This is a Malaysian delicacy ( palagaram)
Try this for tea time.
KUIH TALAM
Ingredients:
For bottom green layer:
(A)
80 grms rice flour
30 grms green bean flour (you can buy this in a cake shop)
280 ml water
(B)
6 pandan leaves cut into 3cm pieces
250 ml water
A few drops of green colouring
200 grms sugar
½ tsp alkaline water
For top white layer:
(C)
40 grms rice flour
1 ½ tbs green bean flour
½ tsp salt
300 ml coconut milk from 1 coconut
Method:
Mix (A) and leave aside to soak for about 10 minutes.
Blend the pandan leaves with the water in (B)
Strain to get the pandan juice.
Mix the pandan juice, sugar, colour and alkaline water.
Now add all these to (A).
In a wok cook the mixture on low heat stirring continuously
With a wooden spoon, until the batter becomes fairly thick
But still runny.
Pour the hot sticky batter into a greased 7 inch cake tin.

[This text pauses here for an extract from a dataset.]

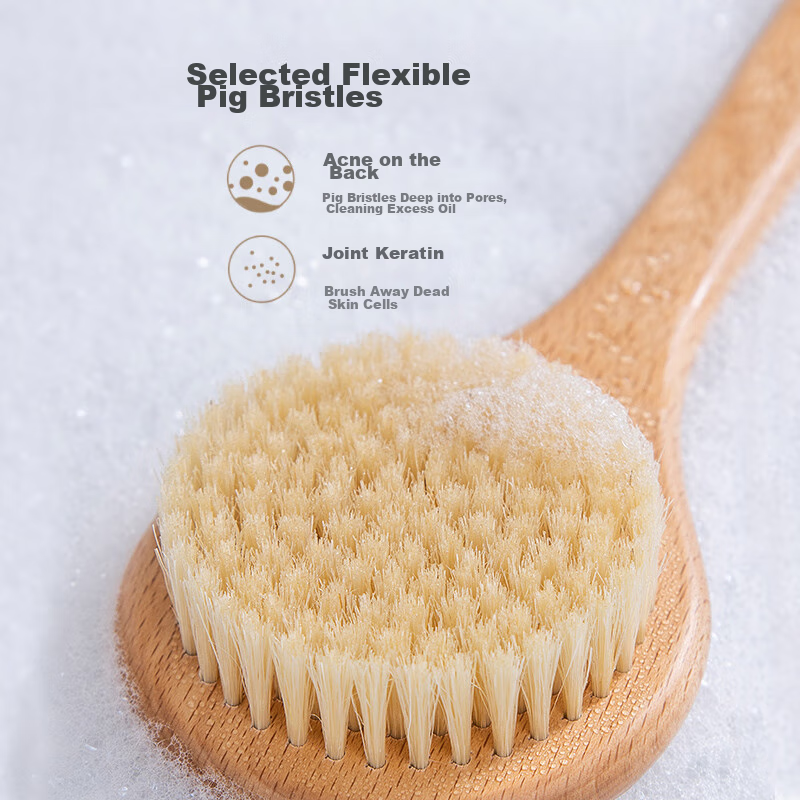 Baoshi Back Scrubber, Bath Brush, Pig Bristle Brush Head, Nanmu Bamboo Long Handle, Deep Cleaning Back Scrubbing Bristle Brush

Smoothen and level the surface with a plastic spatula.
Steam over rapidly boiling water for about 20 minutes.
To prepare the white layer, mix ingredients ( C ) together.
Soak for 10 minutes. Pour the topping layer over the cooked
Green layer. Steam for about 10 minutes. Cool the kuih well.
Slice into small diamond shaped pieces and serve.